» **Records for this task**:
Start of Block
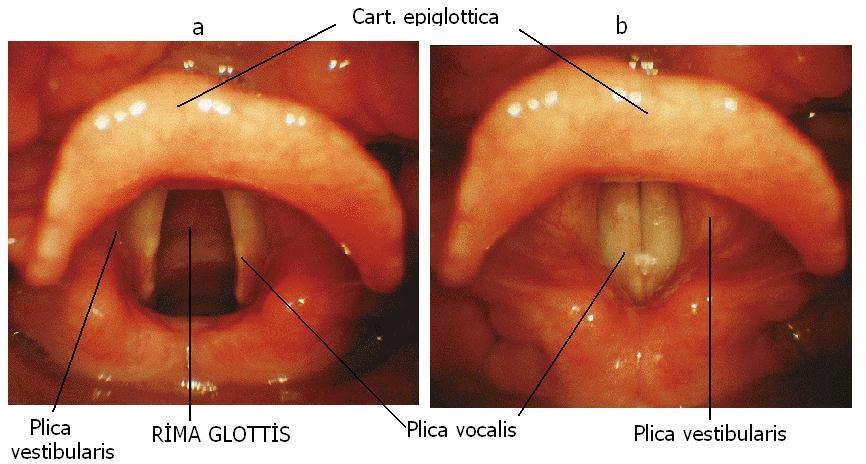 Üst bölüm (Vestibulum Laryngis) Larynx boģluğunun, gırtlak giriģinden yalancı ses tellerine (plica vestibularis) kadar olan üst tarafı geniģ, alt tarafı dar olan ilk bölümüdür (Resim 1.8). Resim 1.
End of Block
Start of Block
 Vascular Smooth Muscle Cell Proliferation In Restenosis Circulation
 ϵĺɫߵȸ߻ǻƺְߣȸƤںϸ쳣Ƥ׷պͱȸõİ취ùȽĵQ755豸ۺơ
End of Block
Start of Block
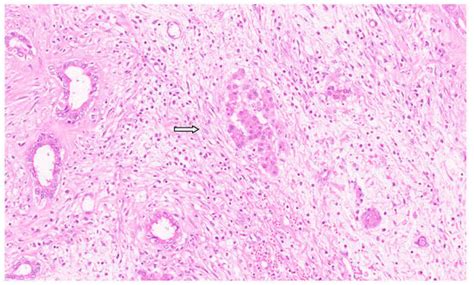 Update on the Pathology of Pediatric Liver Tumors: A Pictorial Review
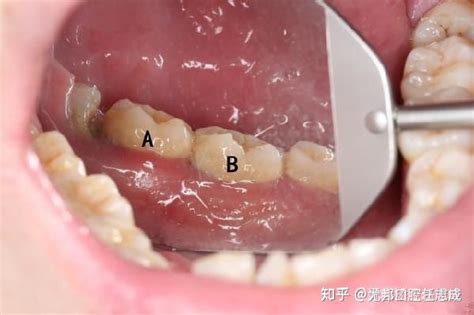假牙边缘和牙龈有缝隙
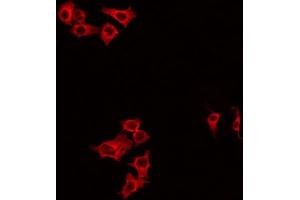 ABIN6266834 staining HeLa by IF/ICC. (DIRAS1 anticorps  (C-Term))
End of Block
» **Task directions**: When you reach the line with "Update on the" in the records above, begin repeating the lines exactly, and stop after the line with "ABIN6266834 staining HeLa". Skip all pictures.

» **Problem solution**:
 Update on the Pathology of Pediatric Liver Tumors: A Pictorial Review
假牙边缘和牙龈有缝隙
 ABIN6266834 staining HeLa by IF/ICC. (DIRAS1 anticorps  (C-Term))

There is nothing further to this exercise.